[XML-DEV Mailing List Archive Home] [By Thread] [By Date] [Recent Entries] [Reply To This Message]

Re: XML Max Character Value

  • To: Michael Kay <mike@s...>
  • Subject: Re: XML Max Character Value
  • From: 'Alan Gutierrez' <alan-xml-dev@e...>
  • Date: Sun, 14 Aug 2005 23:12:55 -0400
  • Cc: 'Derek Denny-Brown' <derekdb@m...>, xml-dev@l...
  • Mail-followup-to: Michael Kay <mike@s...>,'Derek Denny-Brown' <derekdb@m...>, xml-dev@l...
  • User-agent: Mutt/1.4.1i

max characters
* Michael Kay <mike@s...> [2005-08-14 17:24]:
> > -----Original Message-----
> > From: Alan Gutierrez [mailto:alan-xml-dev@e...] 
> > Sent: 13 August 2005 12:06
> > To: Derek Denny-Brown
> > Cc: xml-dev@l...
> > Subject: Re:  XML Max Character Value
> > 
> > * Derek Denny-Brown <derekdb@m...> [2005-08-13 01:29]:
> > 
> > > In java, 0xFFFE or 0xFFFF should work.  They aren't strictly
> > > the max Unicode character for XML, but since Java represents
> > > Unicode as utf-16 but doesn't really provide much support for
> > > surrogate pairs (last I checked), those should work.  Hm..
> > > Eclipse tells me that there is Character.MAX_VALUE.  Use at
> > > your own risk.
> >     
> >     I am using it to design the algorithm.  Concerned about what to
> >     do if Unicode requires multiple characters for a single
> >     character. It's perplexing.
> > 
> > > Reading up on Unicode is also recommended though...
> > > internationalization is far, far more complicated than you
> > > ever imagined.  I know people who get the shakes if you just
> > > mention "Turkish 'I'" in their presence.  (mild
> > > exaggeration...)
> > 
> >     I have no illusions about the complexity. I'd simply hoped that
> >     they would have made a hard and fast rule about min and 
> >     max values.

> In XSLT 2.0, the collation used by xsl:key is not necessarily
> Unicode codepoint order. To build an index, you need to store the
> key value as a sequence of collation units, not as a sequence of
> Java chars or Unicode codepoints. So I suspect that what you
> really want is the highest collation unit in the particular
> collation used for the key in question.

    I don't need a sentry at this point. I've turned the equality
    tests around so they start from an implicit zero.

    Thus, for the sake of <xsl:key/>... 

> (Actually, xsl:key only supports equality semantics, not ordering
>    semantics.  But I can see that you probably want to implement
>    indexes that also support ordering semantics. It's likely that
>    these too would need to be collation-sensitive.)  

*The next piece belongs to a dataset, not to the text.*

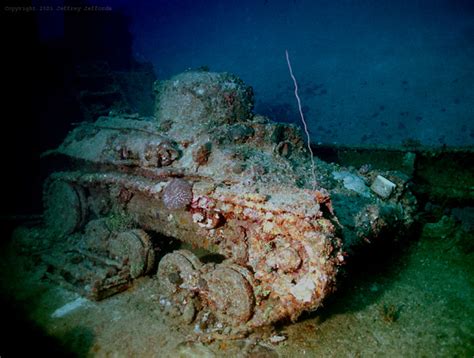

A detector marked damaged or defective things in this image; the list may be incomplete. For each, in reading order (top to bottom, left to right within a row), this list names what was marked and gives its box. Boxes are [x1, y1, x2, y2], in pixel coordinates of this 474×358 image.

corroded tank turret [38, 70, 414, 336]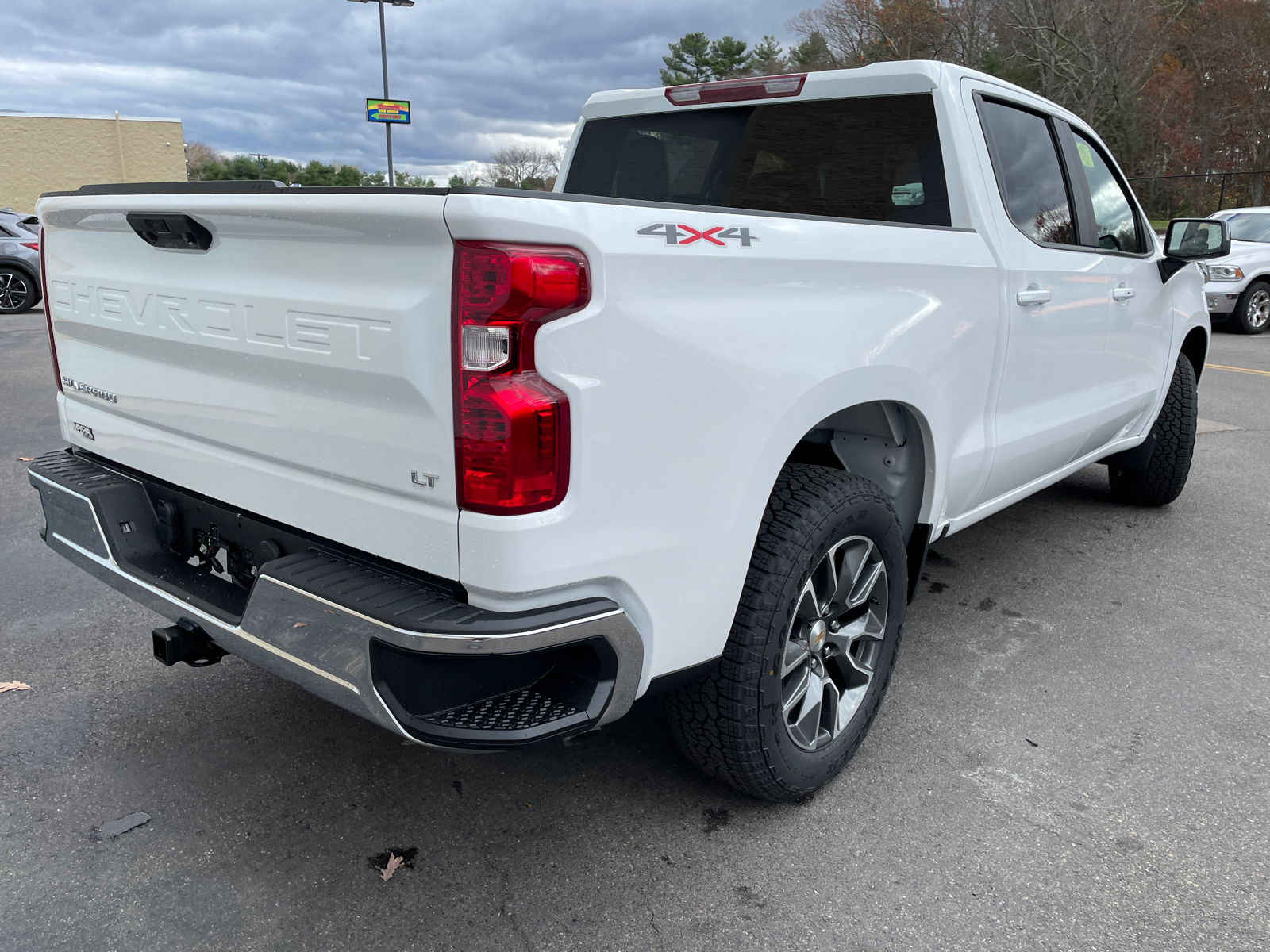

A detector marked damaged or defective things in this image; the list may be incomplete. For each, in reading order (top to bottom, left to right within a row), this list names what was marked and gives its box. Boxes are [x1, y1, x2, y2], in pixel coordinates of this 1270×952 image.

cracked pavement [2, 309, 1270, 949]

    ...I'm only using the sort in order to search and to find the
    values in the tree. Any sort will do. Collation in <xsl:key/> is
    only applied after the keyed nodes are recovered, or that's my
    understanding.

    Soon after, I'm going to want to support ordering as well, and
    attempt to integrate that with <xsl:sort/>. (Perhaps, XQuery can
    take advantage of ordered indices, I don't know.)

    This is a B-Tree implementation. The words 'collation unit' are
    heartening, I'm looking to advance the string comparison myself,
    using it to determine which branch to take in the B-Tree.

    I'm storing partial strings in tiers for branching. Partial
    means, just enough of the string to indicate which branch to
    take. My design stores a character and index pair as a branch
    node, so I bump along the search string branching along the way.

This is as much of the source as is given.